17h00. Nous faisons donc enfin nos premiers pas sur le parcours de la marche républicaine proprement dite, sur les traces de notre Président et de ses 47 ou 48 collègues étrangers, qui sont passés par là il y a bien longtemps. Peut-être que tous ces gens aux fenêtres les ont vu passer ? En tous cas, les CRS sont maintenant plus nombreux que les arbres et des tas de barrières nous canalisent. La foule est compacte,  amicale, fraternelle.
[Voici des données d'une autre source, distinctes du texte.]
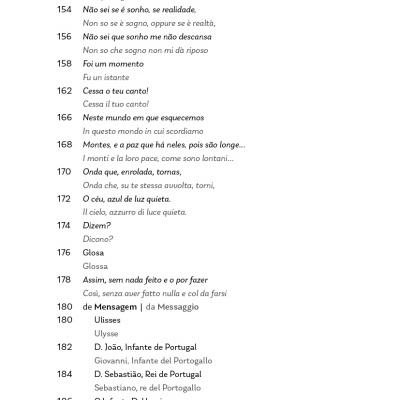 Página de texto bilingue com títulos e excertos em português e italiano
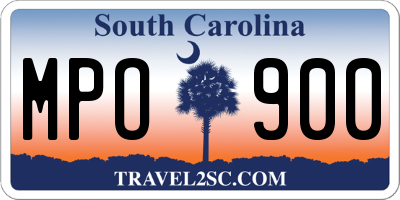 SC license plate MPO900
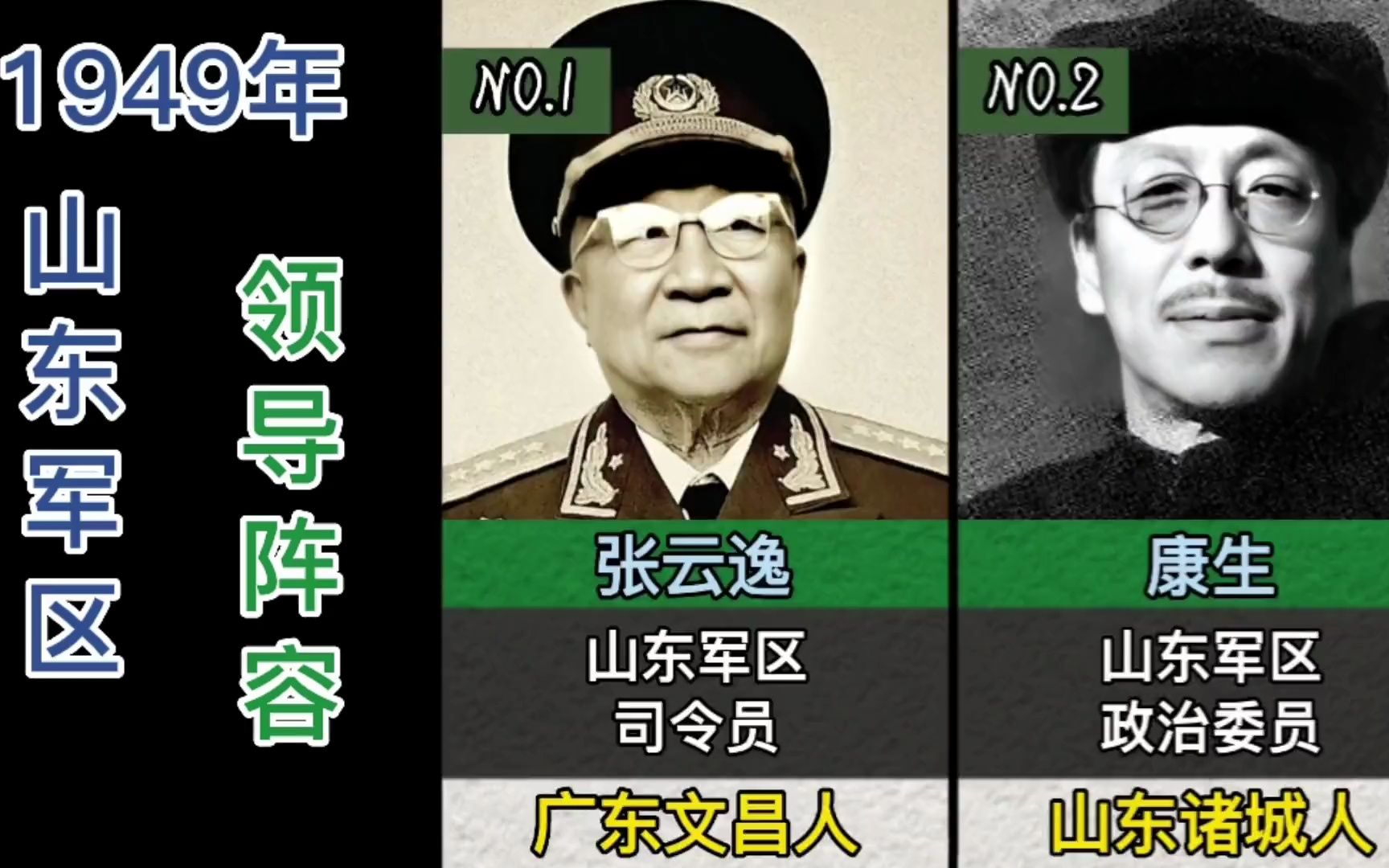 1949年山东军区领导阵容,副司令员2人,副政委2人哔哩哔哩bilibili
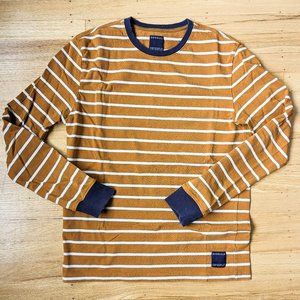 Goodale longsleeve, slim fit striped shirt - dark mustard, navy, white sz Medium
Un grand ballon bardé de slogans survole la manif.
Les Marseillaises se succèdent, dont une chantée juste ! J’entre en grande conversation avec un jeune homme. Il semble qu’on soit d’accord sur tout. Mais le pas est lent et la Nation est encore loin. Sept cent mètres plus loin, place Léon Blum, face à la mairie du 11ème arrondissement, on fait le point. La plante des pieds de certains commence à donner des signes de fatigue, il faut rentrer. Une petite marche vers le métro Ledru-Rollin (une station pas fermée) et nous voilà sur les quais bondés de la ligne 8 ; nous repartirons serrés comme des sardines vers la Porte Dorée, où plusieurs trams bondés nous passeront sous le nez – mais pourquoi ces trams tout neufs sont-ils si petits ? Le trafic des trams s’arrête d’ailleurs suite à un malaise, on attend les pompiers, je pars à pied vers la Porte d’Orléans et ramène la voiture… Quelques aléas plus tard, nous retrouvons notre maison, il est presque huit heures du soir et on a passé qu’une demi-heure sur une bien petite section du parcours. Merci pour ce moment républicain, M. Le Président, dommage que ç’ait été si court.
Comme personne ou presque n’a circulé aux endroits prévus au moment prévu, ce n’est pas étonnant que le comptage des participants soit difficile. Il faudrait une photo aérienne très précise, prise vers 15 heures pour tenir compte de tous ceux qui étaient stockés comme nous dans les rues avoisinantes. La télé a fini par dire qu’on était deux millions à Paris. C’est bien mais je suis presque déçu. Étant donné la désorganisation, je pensais qu’on était plus.

Plus sérieusement, ç’a été un moment fort de fraternité et d’unité, où tous se sont sentis inclus. Dans un tel moment, ceux qui ont rejoint la France depuis peu y trouvent leur place sans difficulté (comme cette famille d’origine indienne qui nous a copieusement marché sur les pieds pour s’assurer une place dans le métro).
La formule magique, ce n’est ni l’intégration ni l’assimilation, c’est l’adhésion. C’est l’adhésion aux valeurs républicaines et démocratiques qui a attaché très rapidement mes aïeux alsaciens à la France malgré des différences de culture et de langue très importantes avec la « France de l’intérieur ». C’est ce qui peut visiblement fédérer tout un peuple aujourd’hui au-delà de ses diversités.